Consumer Reports said Thursday it found personal data from about 8,000 individuals that was unprotected on Home Depot Inc.’s website, although it has now been removed.

Yonkers, New York-based Consumer Reports, a nonprofit independent organization that researches and publishes product ratings and reviews, said in an article released Thursday that, based on an anonymous tip, it found a site that hosted Excel spreadsheets of customer records, including full names, phone numbers, mailing addresses and email addresses of about 8,000 people, as well as other information chronicling the apparent installation complaints of each customer of the Atlanta-based retailer.

It said although the data has been removed, it is unclear how long it was publicly exposed.

Consumer Reports said the internet address that hosted these spreadsheets — along with one random document containing a scanned printout of a customer’s name, address and signature — was part of the HomeDepot.com domain.

It said all the files there were unencrypted, unprotected, discoverable by search engines and “completely accessible to the open Internet.”

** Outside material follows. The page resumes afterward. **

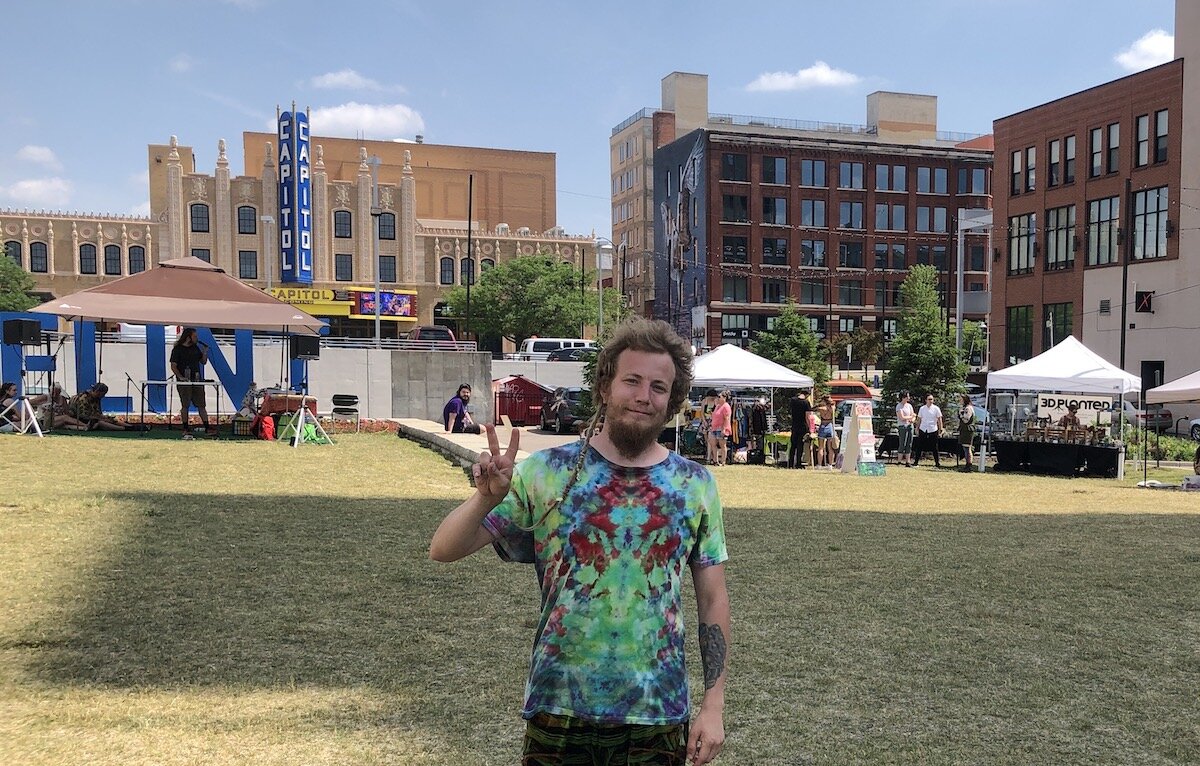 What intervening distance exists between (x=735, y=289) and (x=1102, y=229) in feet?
98.7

“The data leak was small by comparison to many high-profile security incidents of the past few years, but it offers a view into what may well be a vast class of personal information that is offered virtually no legal protection by the various state laws that largely define what is, and is not, a data breach,” said Consumer Reports in the article.

Home Depot said in an emailed statement: "The information was out there, and as hard as it would have been for anyone to find, it shouldn't have been. This was an inadvertent human error that we addressed as soon as we discovered it. Although the data was low-risk, we take the matter very seriously."

Home Depot reached a $25 million settlement with financial institutions connection with its massive 2014 data breach earlier this year.